Very few, and that’s not a criticism of those people, it is an example of how society is changing. It is like when my mother used to go and meet those ‘New Australians’ [immigrants]. New Australians – what a filthy word; that’s not politically correct. Well what the bloody hell were they if they weren’t new to this country? Where do they meet now? They don’t. We shove them in a bloody camp,
a detention camp and I am not saying that’s wrong or right, I am simply saying when they leave there as they do now, where do they go? They go to places where they are going to find people who sympathise with them protect and look after them. And in the main that is not our broad-based community. So how the bloody hell can we expect those people to assimilate if we’re not going to get them involved? How difficult is it for some moron in Canberra to understand that?.
I have got another barbed question for you.

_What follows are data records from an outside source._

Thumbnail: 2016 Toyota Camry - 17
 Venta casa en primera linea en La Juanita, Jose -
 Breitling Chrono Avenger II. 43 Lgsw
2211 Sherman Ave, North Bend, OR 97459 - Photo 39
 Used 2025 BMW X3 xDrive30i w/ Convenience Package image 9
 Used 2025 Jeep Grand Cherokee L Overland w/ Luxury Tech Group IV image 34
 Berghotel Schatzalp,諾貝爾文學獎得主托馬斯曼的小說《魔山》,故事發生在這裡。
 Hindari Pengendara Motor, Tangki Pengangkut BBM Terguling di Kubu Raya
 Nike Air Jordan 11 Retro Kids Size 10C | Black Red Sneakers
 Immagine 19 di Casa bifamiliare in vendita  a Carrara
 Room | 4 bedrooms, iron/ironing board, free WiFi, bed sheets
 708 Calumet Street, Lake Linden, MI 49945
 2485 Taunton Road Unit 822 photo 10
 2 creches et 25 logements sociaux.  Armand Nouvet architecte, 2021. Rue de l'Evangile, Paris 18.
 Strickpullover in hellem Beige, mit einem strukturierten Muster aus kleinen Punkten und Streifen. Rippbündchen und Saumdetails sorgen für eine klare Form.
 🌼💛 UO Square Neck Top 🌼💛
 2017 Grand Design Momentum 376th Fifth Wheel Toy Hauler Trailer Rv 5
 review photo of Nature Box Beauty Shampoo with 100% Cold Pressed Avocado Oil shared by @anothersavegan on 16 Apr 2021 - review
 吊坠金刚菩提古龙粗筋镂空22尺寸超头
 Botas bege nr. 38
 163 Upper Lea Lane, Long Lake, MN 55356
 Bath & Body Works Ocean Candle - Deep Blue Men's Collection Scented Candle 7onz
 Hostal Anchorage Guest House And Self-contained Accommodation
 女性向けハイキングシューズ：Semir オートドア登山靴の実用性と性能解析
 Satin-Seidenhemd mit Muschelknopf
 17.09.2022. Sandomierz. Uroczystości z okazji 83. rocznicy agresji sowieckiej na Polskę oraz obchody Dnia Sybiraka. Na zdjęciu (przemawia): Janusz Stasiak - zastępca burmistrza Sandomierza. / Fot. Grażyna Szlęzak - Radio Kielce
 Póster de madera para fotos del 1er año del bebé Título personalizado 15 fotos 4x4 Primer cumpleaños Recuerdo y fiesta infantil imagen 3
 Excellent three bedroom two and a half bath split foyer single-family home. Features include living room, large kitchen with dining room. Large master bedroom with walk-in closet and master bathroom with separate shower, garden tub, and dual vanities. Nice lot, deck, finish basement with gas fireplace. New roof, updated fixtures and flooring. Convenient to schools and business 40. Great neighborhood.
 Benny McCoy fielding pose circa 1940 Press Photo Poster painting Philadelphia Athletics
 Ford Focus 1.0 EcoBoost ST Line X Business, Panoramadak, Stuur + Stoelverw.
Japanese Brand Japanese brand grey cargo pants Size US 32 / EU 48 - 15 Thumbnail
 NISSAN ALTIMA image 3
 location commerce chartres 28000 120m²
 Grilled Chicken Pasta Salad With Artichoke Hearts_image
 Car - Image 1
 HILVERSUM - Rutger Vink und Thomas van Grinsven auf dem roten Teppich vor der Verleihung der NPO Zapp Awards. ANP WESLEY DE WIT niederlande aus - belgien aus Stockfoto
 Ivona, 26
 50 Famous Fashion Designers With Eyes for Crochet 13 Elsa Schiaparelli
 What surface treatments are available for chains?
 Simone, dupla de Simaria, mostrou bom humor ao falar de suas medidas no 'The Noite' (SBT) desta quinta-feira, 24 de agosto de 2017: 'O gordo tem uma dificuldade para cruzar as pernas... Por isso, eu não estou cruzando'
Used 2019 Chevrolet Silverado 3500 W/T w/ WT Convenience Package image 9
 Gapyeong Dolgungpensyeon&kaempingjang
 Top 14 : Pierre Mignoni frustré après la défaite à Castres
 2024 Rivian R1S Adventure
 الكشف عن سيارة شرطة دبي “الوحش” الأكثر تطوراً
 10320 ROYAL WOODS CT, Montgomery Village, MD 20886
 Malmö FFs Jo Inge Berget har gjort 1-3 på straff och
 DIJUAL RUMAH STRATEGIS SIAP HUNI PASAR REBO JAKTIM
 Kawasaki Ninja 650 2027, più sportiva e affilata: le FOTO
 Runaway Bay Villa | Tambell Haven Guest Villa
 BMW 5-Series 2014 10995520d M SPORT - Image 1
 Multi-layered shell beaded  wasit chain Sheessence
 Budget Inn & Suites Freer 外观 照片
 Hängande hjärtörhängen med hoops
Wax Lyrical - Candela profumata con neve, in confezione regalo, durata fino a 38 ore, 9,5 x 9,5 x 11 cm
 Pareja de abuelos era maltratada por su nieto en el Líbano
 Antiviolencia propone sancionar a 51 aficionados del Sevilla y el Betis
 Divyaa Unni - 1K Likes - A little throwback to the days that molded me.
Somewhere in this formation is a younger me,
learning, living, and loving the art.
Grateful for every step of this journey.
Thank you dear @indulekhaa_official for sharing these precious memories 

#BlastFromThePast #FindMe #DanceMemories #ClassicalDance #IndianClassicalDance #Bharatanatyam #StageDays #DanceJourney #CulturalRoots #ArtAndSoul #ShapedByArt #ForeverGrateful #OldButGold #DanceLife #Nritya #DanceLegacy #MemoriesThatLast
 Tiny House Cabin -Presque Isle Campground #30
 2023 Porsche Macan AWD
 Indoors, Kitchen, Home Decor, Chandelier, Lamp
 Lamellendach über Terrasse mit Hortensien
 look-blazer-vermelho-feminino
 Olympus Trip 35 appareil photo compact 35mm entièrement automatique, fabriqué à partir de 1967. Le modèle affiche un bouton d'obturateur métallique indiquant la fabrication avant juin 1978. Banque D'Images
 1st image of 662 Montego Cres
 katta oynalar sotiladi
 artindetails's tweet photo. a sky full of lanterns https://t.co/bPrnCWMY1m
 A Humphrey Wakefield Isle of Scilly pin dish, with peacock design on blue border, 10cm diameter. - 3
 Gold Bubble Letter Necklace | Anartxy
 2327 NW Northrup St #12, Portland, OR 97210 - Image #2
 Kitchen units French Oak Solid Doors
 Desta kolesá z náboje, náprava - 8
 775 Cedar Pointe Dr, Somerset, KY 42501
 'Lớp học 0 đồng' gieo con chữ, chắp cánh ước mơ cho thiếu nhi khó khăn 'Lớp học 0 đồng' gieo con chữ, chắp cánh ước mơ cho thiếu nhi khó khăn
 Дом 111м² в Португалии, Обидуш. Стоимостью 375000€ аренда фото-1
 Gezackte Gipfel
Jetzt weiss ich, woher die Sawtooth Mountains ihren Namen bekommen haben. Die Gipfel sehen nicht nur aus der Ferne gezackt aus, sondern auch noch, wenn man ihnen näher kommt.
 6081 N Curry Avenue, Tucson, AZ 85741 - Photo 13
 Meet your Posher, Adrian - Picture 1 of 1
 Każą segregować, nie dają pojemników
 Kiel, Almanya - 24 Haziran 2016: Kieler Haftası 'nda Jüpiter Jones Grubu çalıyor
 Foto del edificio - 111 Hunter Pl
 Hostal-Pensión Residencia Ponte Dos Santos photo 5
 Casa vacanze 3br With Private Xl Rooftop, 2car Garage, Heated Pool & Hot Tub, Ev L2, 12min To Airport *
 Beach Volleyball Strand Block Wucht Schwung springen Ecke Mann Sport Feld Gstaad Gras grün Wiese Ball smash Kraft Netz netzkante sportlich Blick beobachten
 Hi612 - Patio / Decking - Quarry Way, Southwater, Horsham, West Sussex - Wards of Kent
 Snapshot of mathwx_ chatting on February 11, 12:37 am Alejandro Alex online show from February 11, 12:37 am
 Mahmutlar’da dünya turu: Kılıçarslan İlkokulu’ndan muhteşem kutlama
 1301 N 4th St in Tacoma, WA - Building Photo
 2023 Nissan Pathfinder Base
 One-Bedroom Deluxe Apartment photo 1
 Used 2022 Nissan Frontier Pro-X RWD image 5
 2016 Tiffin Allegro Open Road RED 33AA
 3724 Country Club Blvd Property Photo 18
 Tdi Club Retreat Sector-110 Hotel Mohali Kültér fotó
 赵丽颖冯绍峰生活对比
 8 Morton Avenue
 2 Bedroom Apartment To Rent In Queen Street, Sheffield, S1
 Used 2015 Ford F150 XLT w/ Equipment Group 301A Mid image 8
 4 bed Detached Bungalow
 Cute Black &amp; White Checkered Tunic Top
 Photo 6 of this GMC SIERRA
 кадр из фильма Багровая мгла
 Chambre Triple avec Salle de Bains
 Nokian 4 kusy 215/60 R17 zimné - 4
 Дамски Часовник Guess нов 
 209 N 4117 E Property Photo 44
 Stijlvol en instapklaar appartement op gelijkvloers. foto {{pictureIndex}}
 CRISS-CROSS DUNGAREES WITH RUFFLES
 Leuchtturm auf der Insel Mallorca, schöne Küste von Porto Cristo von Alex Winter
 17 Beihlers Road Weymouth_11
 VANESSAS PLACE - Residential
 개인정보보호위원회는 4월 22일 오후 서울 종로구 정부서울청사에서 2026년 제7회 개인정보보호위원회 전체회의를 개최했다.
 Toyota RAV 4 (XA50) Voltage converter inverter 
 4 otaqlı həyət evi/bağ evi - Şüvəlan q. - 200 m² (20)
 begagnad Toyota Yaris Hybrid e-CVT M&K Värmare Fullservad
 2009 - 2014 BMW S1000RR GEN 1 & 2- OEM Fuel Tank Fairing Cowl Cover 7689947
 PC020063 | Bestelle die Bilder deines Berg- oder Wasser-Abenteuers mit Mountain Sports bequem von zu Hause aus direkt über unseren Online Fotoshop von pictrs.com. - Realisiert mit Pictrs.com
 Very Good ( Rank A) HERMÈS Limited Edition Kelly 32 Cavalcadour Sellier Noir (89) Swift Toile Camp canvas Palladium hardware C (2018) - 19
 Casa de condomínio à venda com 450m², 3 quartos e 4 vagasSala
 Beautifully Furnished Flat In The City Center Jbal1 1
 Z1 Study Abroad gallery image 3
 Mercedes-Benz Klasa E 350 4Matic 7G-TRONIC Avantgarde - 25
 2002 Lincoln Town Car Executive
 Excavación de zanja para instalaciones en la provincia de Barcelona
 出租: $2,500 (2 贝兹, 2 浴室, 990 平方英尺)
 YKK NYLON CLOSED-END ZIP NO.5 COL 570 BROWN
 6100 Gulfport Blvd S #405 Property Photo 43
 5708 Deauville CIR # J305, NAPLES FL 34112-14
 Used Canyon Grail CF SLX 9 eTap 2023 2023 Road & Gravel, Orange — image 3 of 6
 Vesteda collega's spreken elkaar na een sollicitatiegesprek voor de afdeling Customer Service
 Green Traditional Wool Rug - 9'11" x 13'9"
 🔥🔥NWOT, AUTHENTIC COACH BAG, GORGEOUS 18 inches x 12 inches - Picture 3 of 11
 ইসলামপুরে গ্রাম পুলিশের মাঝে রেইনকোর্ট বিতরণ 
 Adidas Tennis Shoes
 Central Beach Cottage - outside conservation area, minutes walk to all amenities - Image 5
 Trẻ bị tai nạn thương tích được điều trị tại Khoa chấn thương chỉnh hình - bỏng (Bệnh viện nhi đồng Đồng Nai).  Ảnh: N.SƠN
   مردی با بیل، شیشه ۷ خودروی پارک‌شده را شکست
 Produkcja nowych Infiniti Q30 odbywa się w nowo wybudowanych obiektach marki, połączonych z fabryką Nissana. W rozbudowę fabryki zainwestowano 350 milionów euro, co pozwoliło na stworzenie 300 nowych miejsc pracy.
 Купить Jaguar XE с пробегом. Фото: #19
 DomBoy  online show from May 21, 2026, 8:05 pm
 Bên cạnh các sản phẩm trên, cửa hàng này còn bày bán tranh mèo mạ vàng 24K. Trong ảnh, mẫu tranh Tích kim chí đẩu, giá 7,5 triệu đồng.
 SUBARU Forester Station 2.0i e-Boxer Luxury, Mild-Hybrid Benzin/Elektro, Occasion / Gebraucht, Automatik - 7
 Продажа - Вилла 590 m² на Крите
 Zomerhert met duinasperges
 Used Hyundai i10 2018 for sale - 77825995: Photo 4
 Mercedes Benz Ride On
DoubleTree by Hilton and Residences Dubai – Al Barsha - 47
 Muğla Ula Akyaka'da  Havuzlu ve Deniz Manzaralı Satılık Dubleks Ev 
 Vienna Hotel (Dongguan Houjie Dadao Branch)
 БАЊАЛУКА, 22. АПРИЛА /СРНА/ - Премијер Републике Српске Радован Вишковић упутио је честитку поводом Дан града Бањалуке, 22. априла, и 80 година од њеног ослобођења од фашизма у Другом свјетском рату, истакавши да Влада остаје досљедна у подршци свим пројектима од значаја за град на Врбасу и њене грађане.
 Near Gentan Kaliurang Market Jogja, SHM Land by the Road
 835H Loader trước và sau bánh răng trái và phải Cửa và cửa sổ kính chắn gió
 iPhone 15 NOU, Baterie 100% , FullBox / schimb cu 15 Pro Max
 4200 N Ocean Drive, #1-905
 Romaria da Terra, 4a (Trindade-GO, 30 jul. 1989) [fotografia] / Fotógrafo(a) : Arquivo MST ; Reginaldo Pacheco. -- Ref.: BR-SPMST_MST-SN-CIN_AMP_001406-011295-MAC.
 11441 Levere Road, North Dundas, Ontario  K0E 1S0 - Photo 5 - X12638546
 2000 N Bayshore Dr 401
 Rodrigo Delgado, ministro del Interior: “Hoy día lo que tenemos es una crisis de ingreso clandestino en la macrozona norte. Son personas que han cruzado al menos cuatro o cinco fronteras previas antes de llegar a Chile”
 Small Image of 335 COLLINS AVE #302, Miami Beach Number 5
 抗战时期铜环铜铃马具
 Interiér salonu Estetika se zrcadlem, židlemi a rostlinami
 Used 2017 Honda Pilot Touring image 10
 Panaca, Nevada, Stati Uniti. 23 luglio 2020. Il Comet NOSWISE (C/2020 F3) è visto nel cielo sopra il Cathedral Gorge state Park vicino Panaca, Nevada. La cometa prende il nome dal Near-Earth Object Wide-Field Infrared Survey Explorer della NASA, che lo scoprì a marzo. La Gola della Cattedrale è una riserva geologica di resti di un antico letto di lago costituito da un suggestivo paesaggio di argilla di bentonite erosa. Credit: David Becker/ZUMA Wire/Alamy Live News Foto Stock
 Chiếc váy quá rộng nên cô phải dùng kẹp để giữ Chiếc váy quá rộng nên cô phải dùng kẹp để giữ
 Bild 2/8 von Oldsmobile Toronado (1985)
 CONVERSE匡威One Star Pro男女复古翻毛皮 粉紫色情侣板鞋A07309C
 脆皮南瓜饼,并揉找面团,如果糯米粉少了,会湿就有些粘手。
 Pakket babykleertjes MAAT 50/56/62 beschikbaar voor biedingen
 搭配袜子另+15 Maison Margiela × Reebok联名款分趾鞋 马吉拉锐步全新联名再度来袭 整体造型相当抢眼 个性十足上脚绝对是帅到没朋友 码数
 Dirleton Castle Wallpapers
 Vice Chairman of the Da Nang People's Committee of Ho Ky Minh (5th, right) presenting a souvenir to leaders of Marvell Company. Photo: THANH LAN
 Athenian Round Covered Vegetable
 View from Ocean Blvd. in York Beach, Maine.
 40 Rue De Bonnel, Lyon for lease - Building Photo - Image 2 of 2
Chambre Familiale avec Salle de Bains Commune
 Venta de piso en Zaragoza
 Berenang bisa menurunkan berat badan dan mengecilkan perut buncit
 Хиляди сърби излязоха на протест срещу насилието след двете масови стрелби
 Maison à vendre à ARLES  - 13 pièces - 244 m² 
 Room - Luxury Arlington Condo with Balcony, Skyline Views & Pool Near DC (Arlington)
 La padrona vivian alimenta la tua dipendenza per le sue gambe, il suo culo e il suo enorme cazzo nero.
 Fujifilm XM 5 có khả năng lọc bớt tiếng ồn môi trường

Is a war, is a conflict necessary to keep that mateship and that sense of country and that appreciation for what we have alive?
No. It is simply a question of what you replace it with and you can do that in the schools.
You can do that within the youth. You can do it in many ways.
What should we replace it with?
Replace wars with? With what we should be doing, national pride and confidence, teaching our youngsters to stand up for themselves and respect others. Do all of these beautiful things, the qualities of life, to have respect for their wives or loved ones, whatever it might be. They are the things
we should be concentrating on. If you do that your quality of life improves and war is of no significance. Instead, we grabbed hold of Anzac and World War I because we had nothing else to grab a hold of but I would argue and I have argued it time and time again, who created the ANZACs? There is a generation there that have never been recognised that have never been recognised for creating that Anzac spirit. Not the blokes who fought there but their mothers
and fathers and the pioneers. And where are they in the history books today? They are the evil ones who killed the blacks, they are the ones who stole all of the black children. So it is all distorted, I know that is part of our history but it has become so emotive and orchestrated that at times we don’t really understand the truth of what was there,
and in those days, to say gee people were callous in those days. Of course they were callous when a mother has twelve children and loses five of them to polio, diphtheria or whatever and a couple to chicken pox, life is much cheaper.
George, just finally, why was it important for you to speak to us today?
What do you mean? You wanted to speak to me.
Well you didn’t have to. Why are you speaking to me?
Lets make this clear. I didn’t volunteer.
Is it important that stories are recorded?
Oh it is.
Well for future generations to understand exactly the views of the past. That’s why I have been telling you my views. But you blokes rang me and I said, “Yeah, look, I would be happy to.” If you had have rang to say, “We’re not going to interview you,” I would say, “That’s fine.” I wouldn’t lose any sleep.